The ‘knowledge-first’ versus the ‘knowledge through research’ perspective may represent a reflection of the academics’ conceptions of teaching, with the more positivist colleagues requiring the students to be given the facts in advance and the more constructivist teachers allowing for the understanding to emerge. Alternatively, it may reflect the academics’ primary interests: either promoting their own research at an individual level (Fig. 17.1) with the students seen as only useful if they help to uncover that which is totally unknown, against a view in which the ‘collective good’ is seen as more important through the development of a research-embedded curriculum that has a much longer-term aim.

Purpose of Research

Maton (2013, p. 8) describes a widespread assumption that the goal of university education is to equip students with understanding that transcends the immediate context of the teaching when he states that ‘Almost everyone in education shares a desire for cumulative knowledge-building. Researchers typically aim to generate ideas that have utility or appeal beyond the specificities of their originating contexts’. This view is complemented by policymakers proclaiming that education must prepare students for living and working in fast-changing societies by providing knowledge and skills that can build throughout ‘lifelong learning’. However, for academics to be able to take a wider perspective of their own focussed research is quite difficult for many—particularly where they may feel that their research field is so cutting-edge that it may not yet have clear application.

While there was an emerging feeling throughout many of the interviews that teaching is for the good of someone else, research was seen by some as a vehicle for their own professional development. Cleary (2013, p. 21) quotes an academic who stated, ‘To do research well I think you have got to be incredibly selfish … the motivational drive for any researcher has to be themselves … ultimately it’s their own progression up the research hierarchy (that motivates them) … that doesn’t necessarily come across in teaching, where the rewards don’t come from their progression, but from the progression of others’.

Conclusion

Engaging students as researchers brings unique insights into how both students and academics consider research in relation to the curriculum. There was a noted dichotomy of teaching as a collective endeavour, both amongst academics and for a group of students, contrasted with the individualism of research, for the academic toiling away and for a student to understand. Students-as-researchers offer a way for students to be empowered in the research process, but are largely divorced from disciplinary research. Reconceptualising research-teaching links as ‘research as pedagogy’ may offer a bridge to bring academics and students together in the context of disciplinary learning. This view also brings together the individualistic side of research with the collectivist view of teaching. Repositioning the curriculum as a place for staff and students to co-construct ‘disciplinary learning’ and place it at the centre of the academic endeavour can be the foundation for an ethos of research-led student engagement.

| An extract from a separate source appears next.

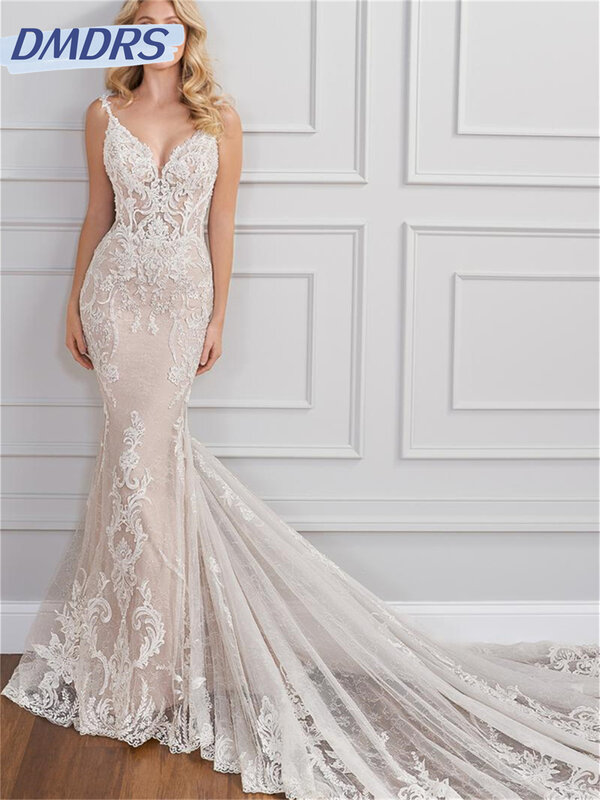 Elegant Deep V-neck Bridal Dress 2024 Charming Mermaid Wedding Dress Romantic A-line Floor-length Dress Vestidos De Novia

From the reports constructed by the students, it is clear that they are not only reporting on the research-teaching nexus as described by the academics in their institution, but they are also developing their own voice(s). The freedom afforded by the research activity allowed them to reflect upon their data and interpret it from their own contextual starting point and showcases the heterogeneity of multiple student voices. As this group of students had a more formalised and coherent view of the range of opinions and perceptions about the research-teaching nexus across their disciplinary areas, their voices were supported by evidence and so gained authority. This then challenges notions of power and of powerful knowledge and confers an element of expertise to, and value of student voices (Kinchin, 2016).